REQUIRED ACTION. Can you copy out the data exactly? Leave the images out.

RAW DATA.

=== Begin Enclosure ===

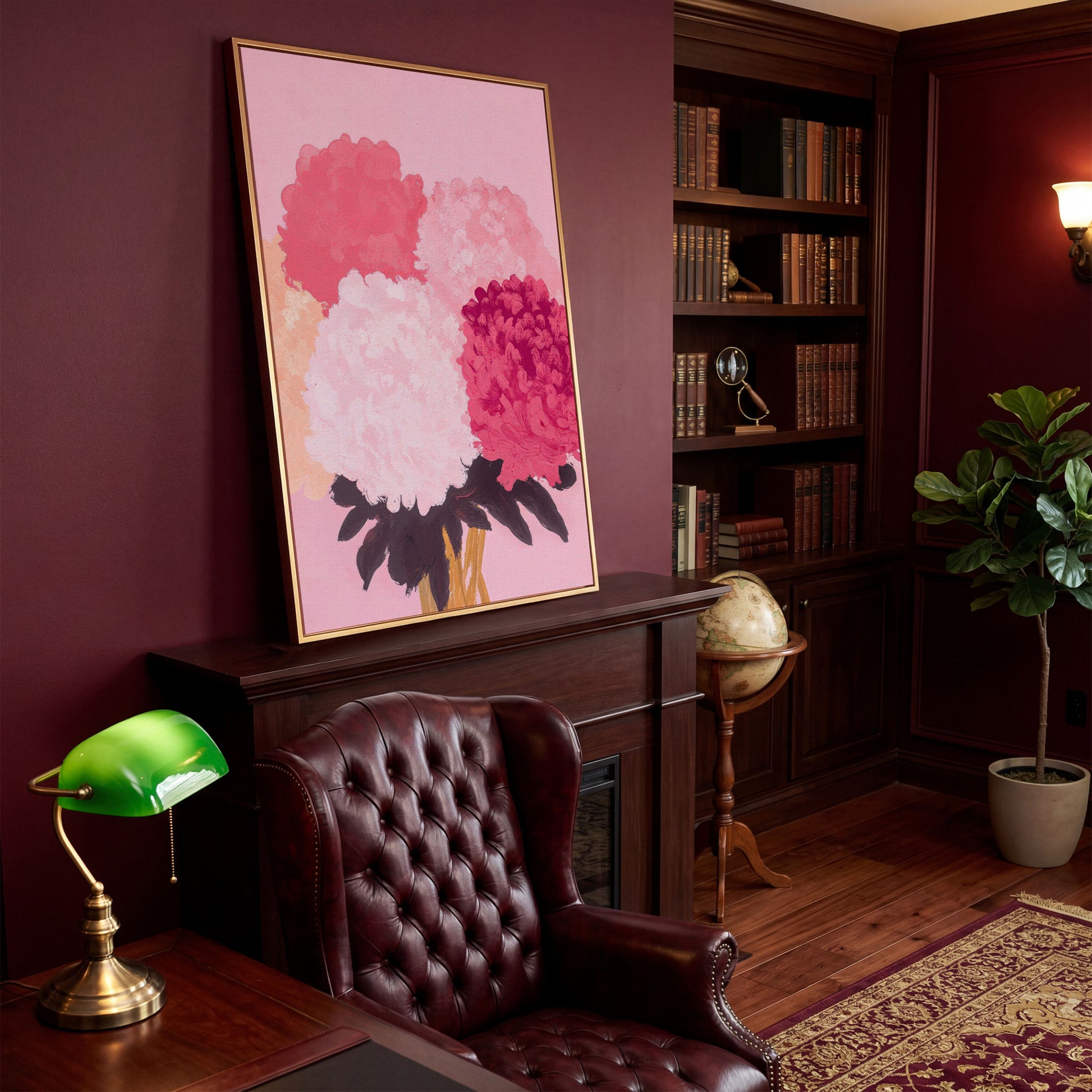 Pink Floral Burst Canvas Wall Art in antique gold floating frame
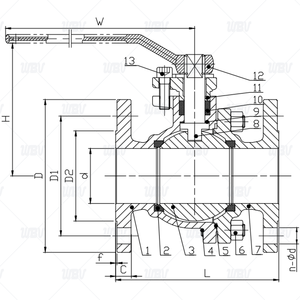 Robinet à bille à bride Q41F-16P/R avec traitement thermique FRAS, tige anti-éclatement à bille solide - Product Image 2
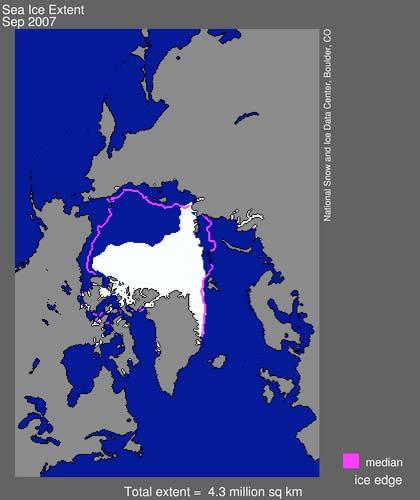 Synergy between different data types In 2007 Satellites showed that the sea ice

=== End Enclosure ===

WRITTEN REPLY.
 Pink Floral Burst Canvas Wall Art in antique gold floating frame
 Robinet à bille à bride Q41F-16P/R avec traitement thermique FRAS, tige anti-éclatement à bille solide - Product Image 2
 Synergy between different data types In 2007 Satellites showed that the sea ice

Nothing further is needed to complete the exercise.